Scraped caption text data:
- - -
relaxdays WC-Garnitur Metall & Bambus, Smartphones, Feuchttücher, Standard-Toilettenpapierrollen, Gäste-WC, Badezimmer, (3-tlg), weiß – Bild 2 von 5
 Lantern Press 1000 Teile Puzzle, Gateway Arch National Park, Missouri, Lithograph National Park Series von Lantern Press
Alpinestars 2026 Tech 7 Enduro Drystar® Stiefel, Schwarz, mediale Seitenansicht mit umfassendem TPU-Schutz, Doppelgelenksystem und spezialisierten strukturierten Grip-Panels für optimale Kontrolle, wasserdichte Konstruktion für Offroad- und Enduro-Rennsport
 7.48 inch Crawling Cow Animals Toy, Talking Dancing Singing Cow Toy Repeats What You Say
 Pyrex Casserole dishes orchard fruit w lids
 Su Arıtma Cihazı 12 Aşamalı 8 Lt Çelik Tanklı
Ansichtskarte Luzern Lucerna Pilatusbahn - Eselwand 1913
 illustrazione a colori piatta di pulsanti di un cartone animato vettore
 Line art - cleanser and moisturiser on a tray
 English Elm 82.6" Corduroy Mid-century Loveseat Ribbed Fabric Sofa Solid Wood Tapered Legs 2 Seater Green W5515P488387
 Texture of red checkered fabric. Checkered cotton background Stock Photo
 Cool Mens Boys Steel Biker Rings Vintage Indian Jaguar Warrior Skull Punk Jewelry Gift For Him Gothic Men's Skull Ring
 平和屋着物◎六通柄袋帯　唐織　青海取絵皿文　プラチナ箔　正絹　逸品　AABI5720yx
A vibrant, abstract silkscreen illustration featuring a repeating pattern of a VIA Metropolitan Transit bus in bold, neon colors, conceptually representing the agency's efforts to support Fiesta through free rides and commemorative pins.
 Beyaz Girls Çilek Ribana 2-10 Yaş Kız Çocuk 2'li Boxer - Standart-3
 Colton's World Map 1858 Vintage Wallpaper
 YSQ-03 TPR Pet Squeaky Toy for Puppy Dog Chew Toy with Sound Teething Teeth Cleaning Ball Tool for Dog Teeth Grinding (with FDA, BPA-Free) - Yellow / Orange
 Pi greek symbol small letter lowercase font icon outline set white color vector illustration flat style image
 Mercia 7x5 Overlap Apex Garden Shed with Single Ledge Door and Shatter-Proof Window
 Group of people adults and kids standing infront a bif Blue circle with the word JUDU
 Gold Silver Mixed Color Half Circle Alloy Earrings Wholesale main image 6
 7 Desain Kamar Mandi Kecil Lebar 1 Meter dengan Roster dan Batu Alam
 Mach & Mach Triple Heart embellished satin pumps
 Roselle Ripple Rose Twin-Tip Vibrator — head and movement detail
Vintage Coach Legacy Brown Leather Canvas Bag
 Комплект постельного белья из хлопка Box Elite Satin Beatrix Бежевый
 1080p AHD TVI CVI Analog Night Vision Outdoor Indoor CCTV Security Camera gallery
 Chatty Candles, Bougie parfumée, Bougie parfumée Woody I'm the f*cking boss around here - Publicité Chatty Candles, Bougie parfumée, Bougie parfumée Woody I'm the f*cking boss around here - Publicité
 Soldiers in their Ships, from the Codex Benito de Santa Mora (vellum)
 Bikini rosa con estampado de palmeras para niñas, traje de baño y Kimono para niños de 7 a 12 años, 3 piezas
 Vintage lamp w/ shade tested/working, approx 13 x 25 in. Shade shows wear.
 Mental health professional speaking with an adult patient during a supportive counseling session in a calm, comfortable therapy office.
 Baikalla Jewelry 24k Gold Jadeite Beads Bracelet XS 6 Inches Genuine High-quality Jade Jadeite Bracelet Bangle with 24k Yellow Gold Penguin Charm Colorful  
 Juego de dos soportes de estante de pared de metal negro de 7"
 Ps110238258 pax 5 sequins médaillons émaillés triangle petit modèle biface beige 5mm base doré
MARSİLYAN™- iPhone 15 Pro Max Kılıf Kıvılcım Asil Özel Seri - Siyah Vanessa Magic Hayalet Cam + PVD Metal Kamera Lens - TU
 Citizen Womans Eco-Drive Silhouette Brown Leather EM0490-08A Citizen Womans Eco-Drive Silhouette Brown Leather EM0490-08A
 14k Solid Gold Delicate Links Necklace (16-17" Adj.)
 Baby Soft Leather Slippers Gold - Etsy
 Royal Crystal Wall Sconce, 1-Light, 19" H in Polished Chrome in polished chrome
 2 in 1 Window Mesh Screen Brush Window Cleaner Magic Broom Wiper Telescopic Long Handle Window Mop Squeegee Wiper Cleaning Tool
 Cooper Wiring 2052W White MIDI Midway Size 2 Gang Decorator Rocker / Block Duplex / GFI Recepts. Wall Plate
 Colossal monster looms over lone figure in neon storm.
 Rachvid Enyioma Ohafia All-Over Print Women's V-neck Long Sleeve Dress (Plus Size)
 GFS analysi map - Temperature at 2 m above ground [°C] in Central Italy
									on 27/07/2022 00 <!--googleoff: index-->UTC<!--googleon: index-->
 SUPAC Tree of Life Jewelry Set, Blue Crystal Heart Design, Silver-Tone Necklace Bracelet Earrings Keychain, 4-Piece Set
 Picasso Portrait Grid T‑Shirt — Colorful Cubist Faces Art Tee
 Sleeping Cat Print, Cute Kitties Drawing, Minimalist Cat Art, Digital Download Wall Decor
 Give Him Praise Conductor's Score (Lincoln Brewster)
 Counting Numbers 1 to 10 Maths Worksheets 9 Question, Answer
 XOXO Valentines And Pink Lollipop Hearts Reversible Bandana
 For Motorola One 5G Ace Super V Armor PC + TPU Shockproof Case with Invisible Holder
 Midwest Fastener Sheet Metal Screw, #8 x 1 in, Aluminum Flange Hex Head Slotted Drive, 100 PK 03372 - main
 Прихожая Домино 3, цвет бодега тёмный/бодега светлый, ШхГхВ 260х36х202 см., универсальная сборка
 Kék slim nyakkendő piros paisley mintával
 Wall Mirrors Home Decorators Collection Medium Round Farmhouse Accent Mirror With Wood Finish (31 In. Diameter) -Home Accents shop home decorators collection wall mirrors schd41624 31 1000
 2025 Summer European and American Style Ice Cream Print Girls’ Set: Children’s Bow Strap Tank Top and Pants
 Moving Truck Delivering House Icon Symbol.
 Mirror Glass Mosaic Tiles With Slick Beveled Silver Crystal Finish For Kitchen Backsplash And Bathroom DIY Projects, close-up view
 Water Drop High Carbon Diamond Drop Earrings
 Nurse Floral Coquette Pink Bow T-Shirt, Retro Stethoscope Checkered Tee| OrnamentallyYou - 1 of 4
- - -
**AIM OF THE EXERCISE**: Show the lines of the data that hold the word "Earrings".

**EXERCISE SOLUTION**:
 Gold Silver Mixed Color Half Circle Alloy Earrings Wholesale main image 6
 SUPAC Tree of Life Jewelry Set, Blue Crystal Heart Design, Silver-Tone Necklace Bracelet Earrings Keychain, 4-Piece Set
 Water Drop High Carbon Diamond Drop Earrings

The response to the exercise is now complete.